Plaintiffs assert the government, in arguing the RFPs are overbroad and not proportional to the needs of the case, has failed to offer concrete information about the actual burden it faces. Indeed, Plaintiffs assert the it does not anticipate an overwhelming amounts of hits to result from the limited set of search terms within the entities. Plaintiffs point out the government's disclosure so far has amounted to approximately 1,700 documents, and speculate the "total number of documents produced in response to the first round of written discovery is unlikely to exceed even 5,000, and will probably be far fewer." Motion to Compel (Doc. 66-1, p. 15). Plaintiffs assert the relevance of this search of the government agencies to review and produce a "narrow set of documents directly related to Plaintiffs' constitutional claims against them" far outweighs any burden that may be imposed. Id.

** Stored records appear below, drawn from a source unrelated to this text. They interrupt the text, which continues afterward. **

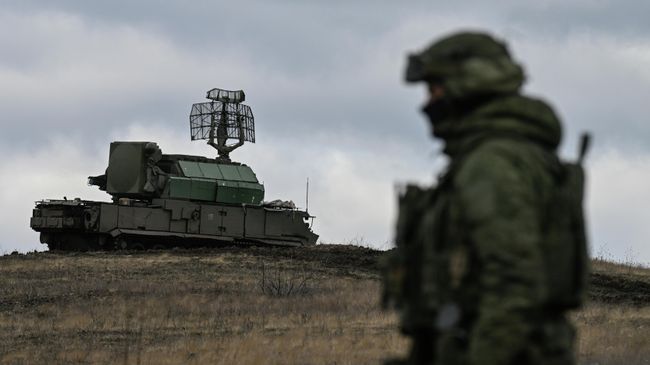 Боевая работа расчета зенитно-ракетного комплекса Тор-М1
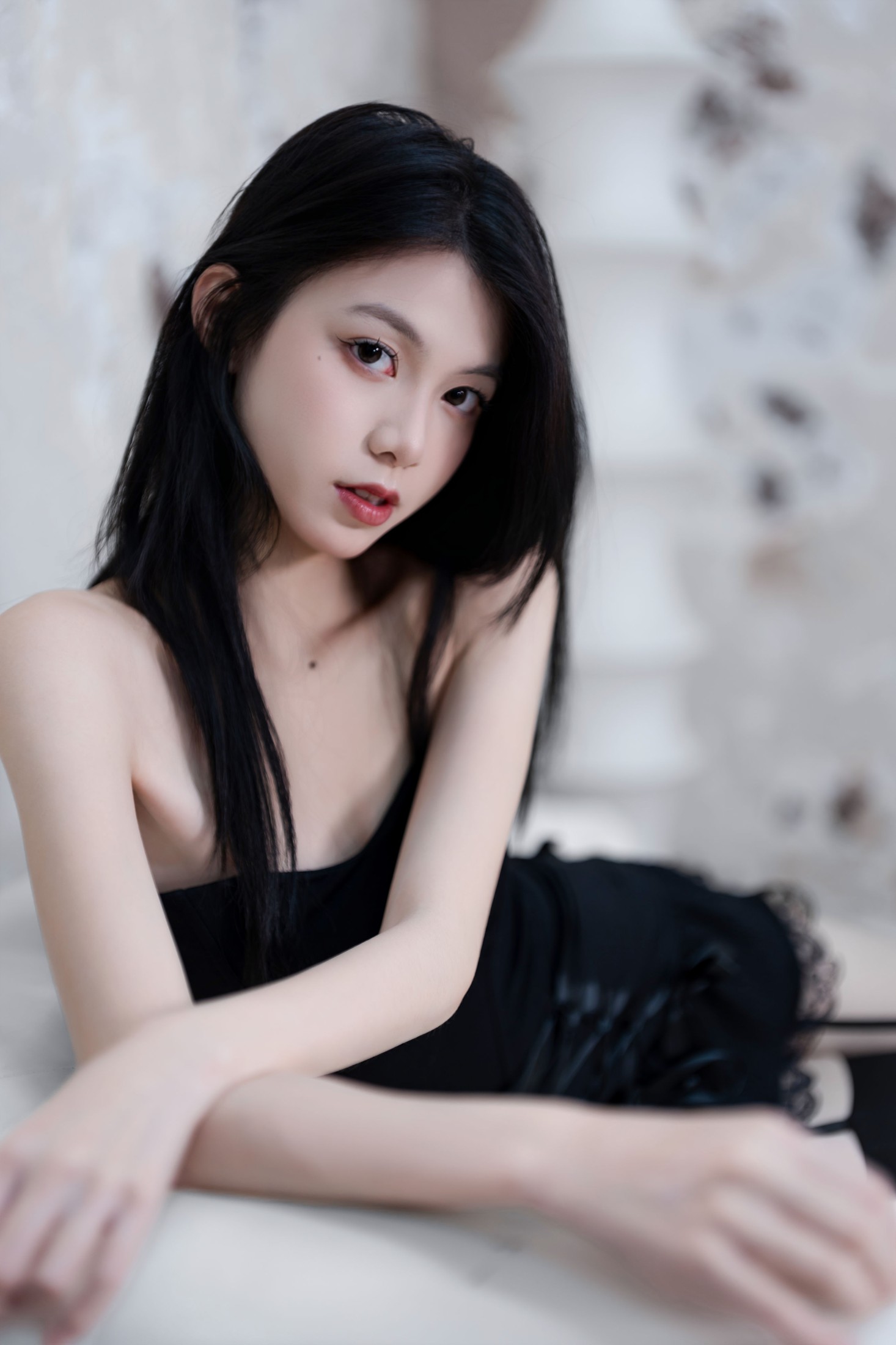 小桢同学 – 《黑裙佳人的优雅时刻》[53P] 插图1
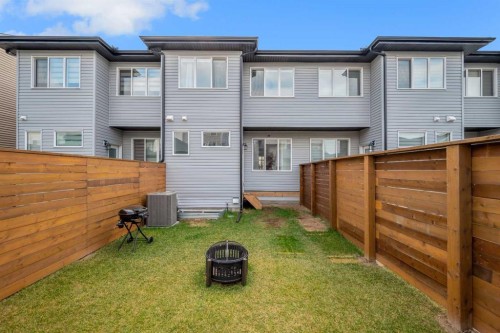 250 Carrington Gate Nw, Calgary, AB - Outdoor
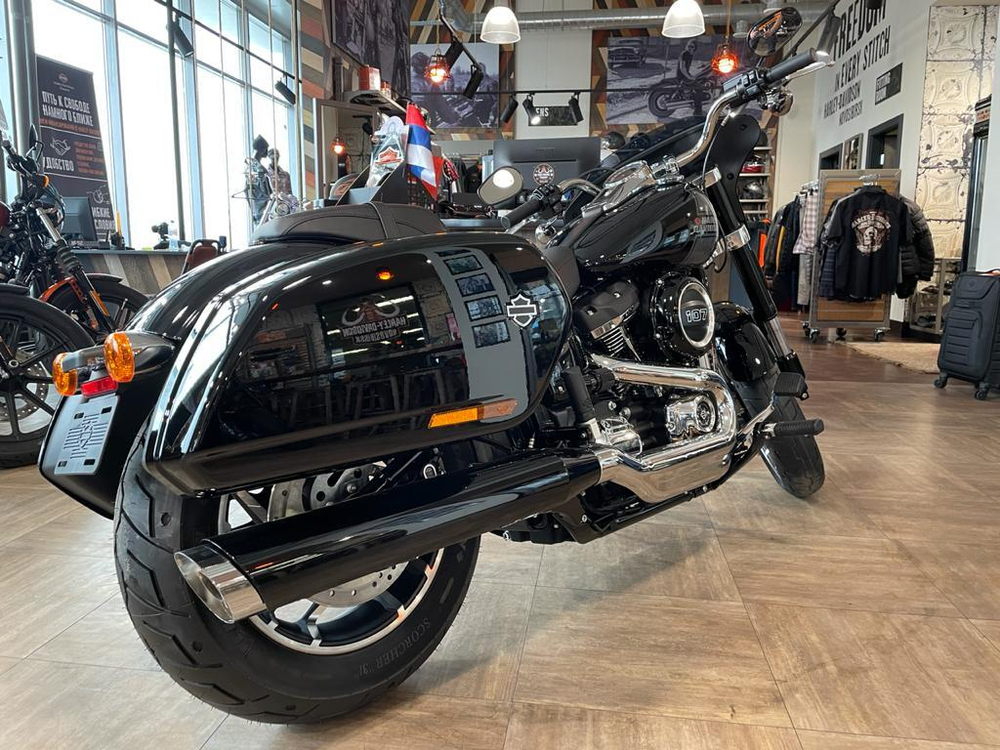 Мотоцикл Harley-Davidson Sport Glide Softail Vivid Black Deluxe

The government disputes Plaintiffs' speculation as to the number of documents such a request is likely to produce. For example, a review of emails and their attachments of one agency (CBP) reveal 12,721 potential documents (not pages) that refer to one or more of the four entities. Elaine Dismuke Decl. ¶ 8 (Doc. 70, p. 3). A review of just those documents is estimated to take at least 420 hours of CBP agency attorney time. Id. at 9. Similarly, the FBI estimates it would take about five weeks by FBI personnel to conduce a similar review.

Deborah A. Crum Decl. ¶¶ 10-12 (Doc. 69-1, p. 5) (reviewing 4,928 FBI documents and over 5,000 documents provided by other agencies). In total, the "three defendant agencies have identified over 23,000 potentially responsive documents concerning the four non-party organizations." Response (Doc. 69, p. 6), citing Dismuke Decl. ¶ 8, Crum Decl. ¶ 10, Michael Craig Decl. ¶ 4.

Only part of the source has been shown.